◆ Extracted material ◆
= Beginning of Section =
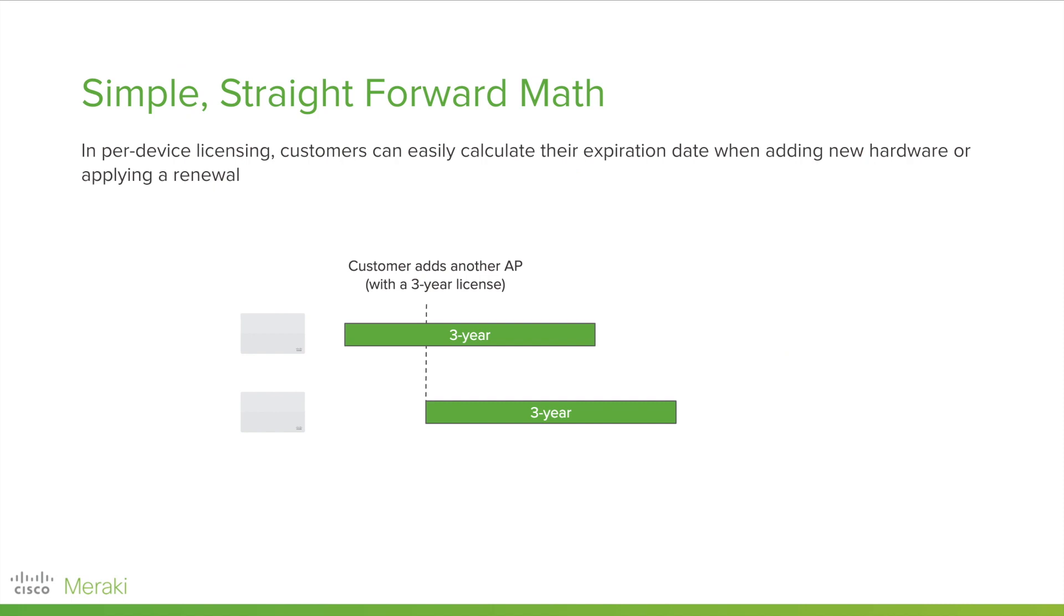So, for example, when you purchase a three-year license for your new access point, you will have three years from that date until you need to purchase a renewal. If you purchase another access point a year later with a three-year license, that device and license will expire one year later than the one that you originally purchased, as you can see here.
= End of Section =
= Beginning of Section =
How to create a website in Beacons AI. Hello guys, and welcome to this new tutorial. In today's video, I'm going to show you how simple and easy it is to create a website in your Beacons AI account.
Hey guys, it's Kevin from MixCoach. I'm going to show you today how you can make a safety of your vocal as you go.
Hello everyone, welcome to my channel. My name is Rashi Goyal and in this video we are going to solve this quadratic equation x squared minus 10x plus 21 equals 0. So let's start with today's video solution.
= End of Section =
From the records given above, copy all lines containing "guys".

◆ Response area ◆
How to create a website in Beacons AI. Hello guys, and welcome to this new tutorial. In today's video, I'm going to show you how simple and easy it is to create a website in your Beacons AI account.
Hey guys, it's Kevin from MixCoach. I'm going to show you today how you can make a safety of your vocal as you go.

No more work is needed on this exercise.